As far as “Big boys don’t cry” I humbly submit that Jesus Christ was indeed a Big Boy Who cried. The tears of Jesus takes place as He travels to Jerusalem, just after the triumphal entry is described. “And when he came into view of the city, as he approached it he broke into loud weeping, exclaiming; ‘Oh that at this time you knew, yes, even you, on what your peace depends! The time will come for you when your enemies will throw ramparts around you, and encompass you, and shut you in on every side, and raze you to the ground, you and your children within you. And they will not leave one stone upon another.'”-Luke 19:41-44. The Greek word used is for weeping in this verse is klaioo, meaning to weep audibly, to burst into tears. Consider, “He, in the days of his flesh, having offered up prayers and petitions with strong crying and tears to him who was able to save him from death, and having been heard for his godly fear.”

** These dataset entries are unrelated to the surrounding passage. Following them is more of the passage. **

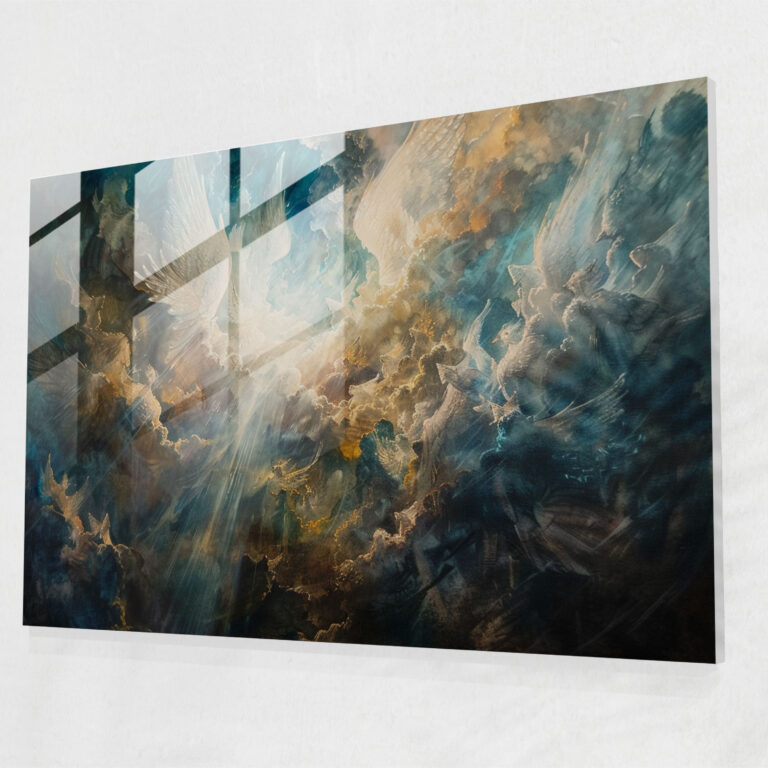 Celestial Baroque Glass Art - Baroque, Wall Decoration, Celestial Theme, Glass Art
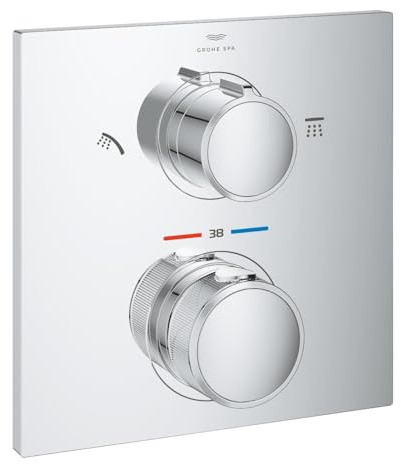 GROHE Allure 29181_2 - Miscelatore termostatico integrato a 2 vie, kit di montaggio per Rapido SmartBox, cromato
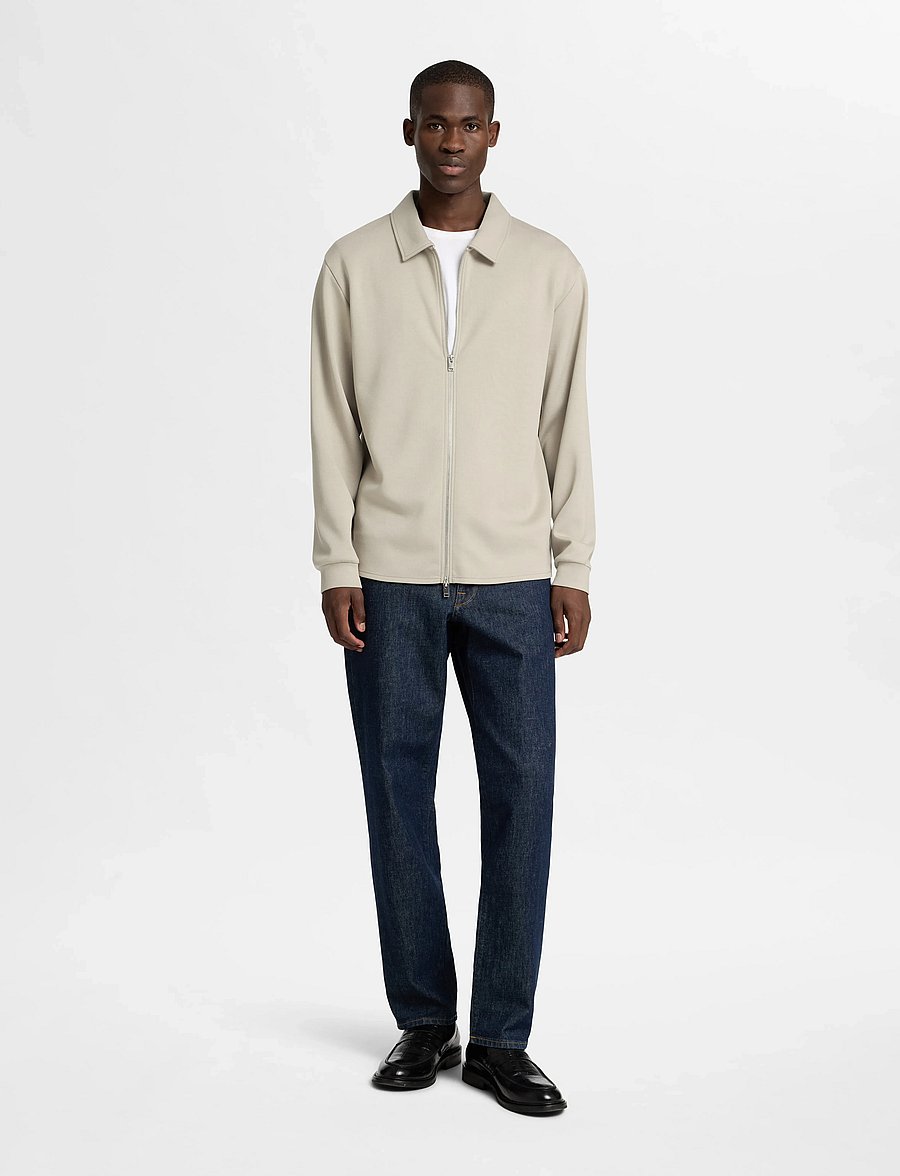 Selected - SLHEMANUEL SOFT FULL ZIP SWEAT NOOS - sweatshirts - pure cashmere - 0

Also the Apostle Paul stated at various times his association with tears. “Serving the Lord with all humility, with many tears, and with trials which happened to me by the plots of the Jews;” and “Therefore watch, remembering that for a period of three years I didn’t cease to admonish everyone night and day with tears” and “For out of much affliction and anguish of heart I wrote to you with many tears, not that you should be made sorry, but that you might know the love that I have so abundantly for you” and many other suchlike verses.
God, the Divine Architect, seems to have gifted man with a language that helps us speak those things when normal vocabulary proves inadequate — a liquid voice of the soul. Prayer, at appropriate times, finds this voice as does our worship. Our burdens are best communicated sometimes in that voice as when “He that goeth forth bearing precious seed weeping shall doubtless come again rejoicing bringing his sheaves with him.”
The vigil over the coffin of a loved one utilizes that voice to compact a score of years of fellowship into trickling drops that cascade over the face. The giving of a daughter’s hand to her love tell her in that voice how loved she is from the time of her birth through all the years and a promise to continue that love as she leaves the home of her mother and father.
It was the Psalmist that asked “Thou tellest my wanderings: put thou my tears into thy bottle: are they not in thy book?” Telling us that God truly does keep the records.
“Weeping may endure for the night, but joy cometh in the morning.” Yes, indeed, there is a reason to cry.